— WHAT YOU ARE ASKED TO DO —
Copy down every line of the data that follows exactly. Omit the pictures.

═════ DATASET RECORDS

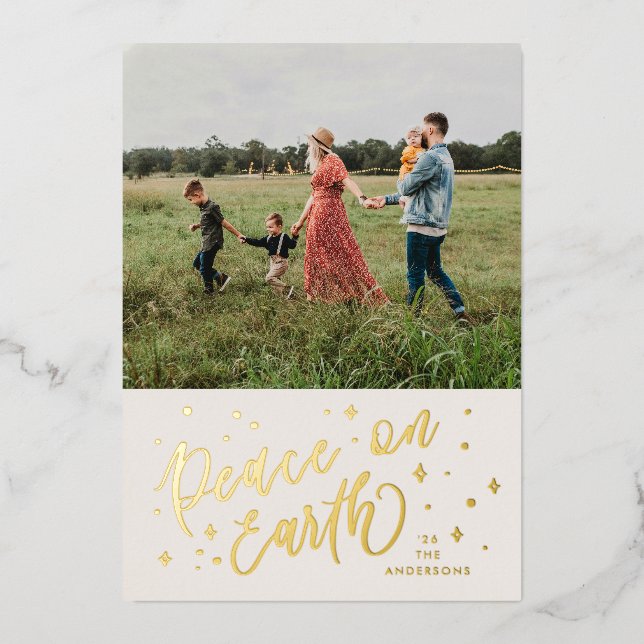 Peace on Earth Lettering Photo Gold Foil Holiday Card (Front)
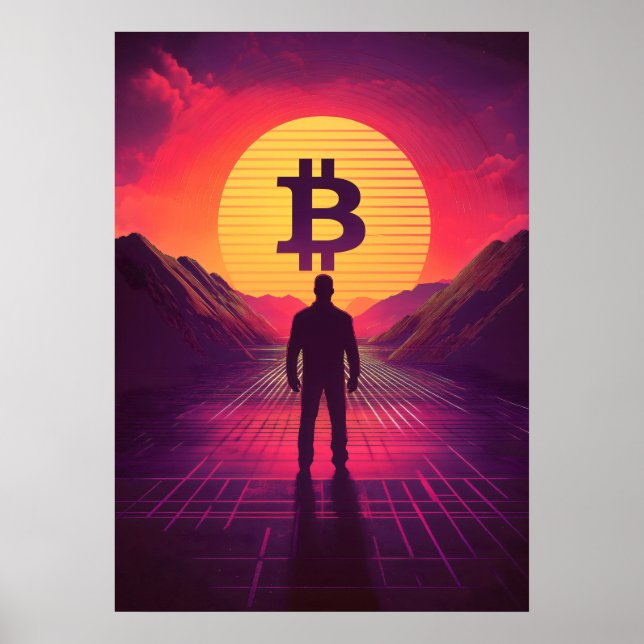 Poster Bitmoney Retro Sunset Crypto (Frente)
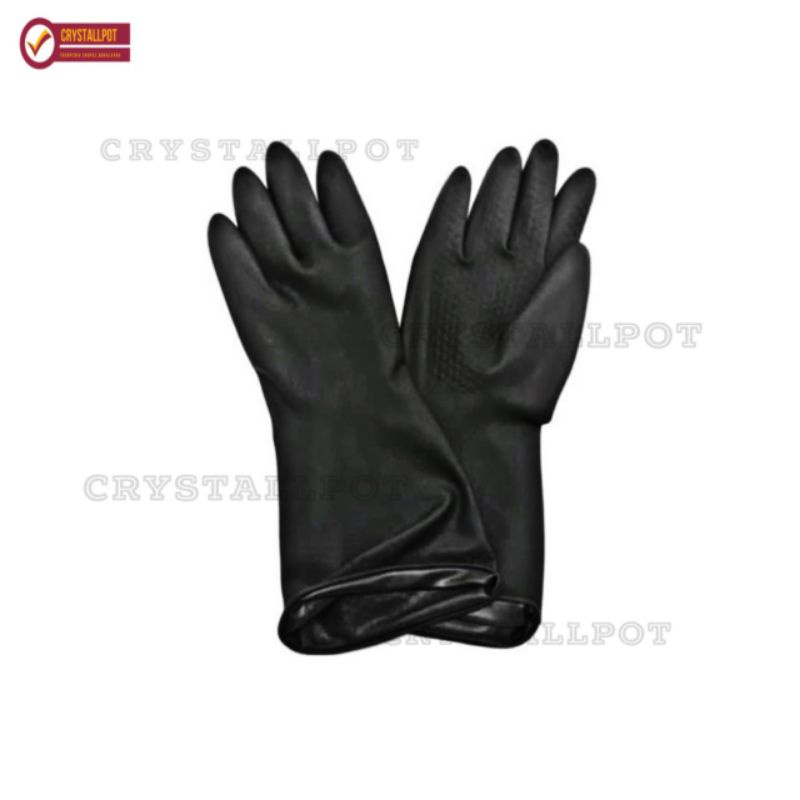 sarung tangan karet latex hand gloves untuk berkebun - KENMASTER HITAM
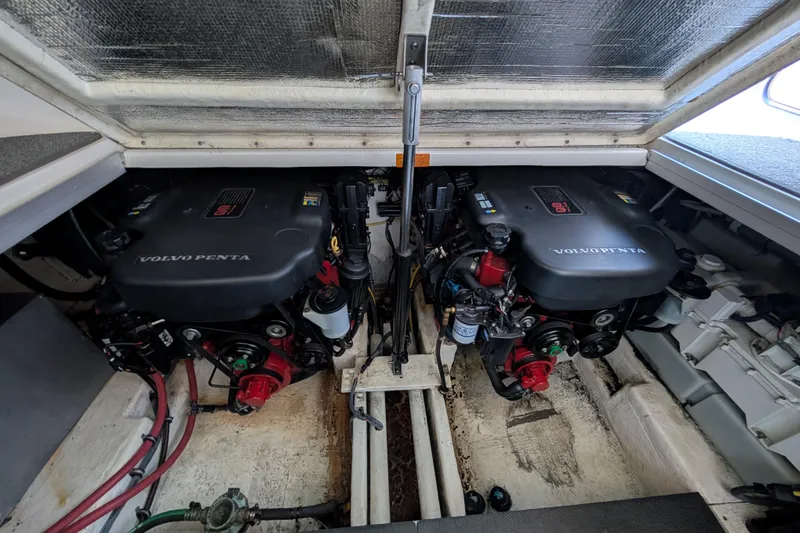 Slide: The Image of Engine compartment of a 2009 Chaparral Signature 350 with dual Volvo Penta engines. - 28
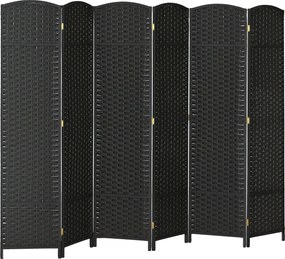 HOMCOM 6-panelový skladací paraván 240x170 cm, rozdeľovač na súkromie pre obývaciu izbu, spálňu a kanceláriu, čierny | Aosom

══════════

— ANSWER SPACE —
 Peace on Earth Lettering Photo Gold Foil Holiday Card (Front)
 Poster Bitmoney Retro Sunset Crypto (Frente)
 sarung tangan karet latex hand gloves untuk berkebun - KENMASTER HITAM
 Slide: The Image of Engine compartment of a 2009 Chaparral Signature 350 with dual Volvo Penta engines. - 28
 HOMCOM 6-panelový skladací paraván 240x170 cm, rozdeľovač na súkromie pre obývaciu izbu, spálňu a kanceláriu, čierny | Aosom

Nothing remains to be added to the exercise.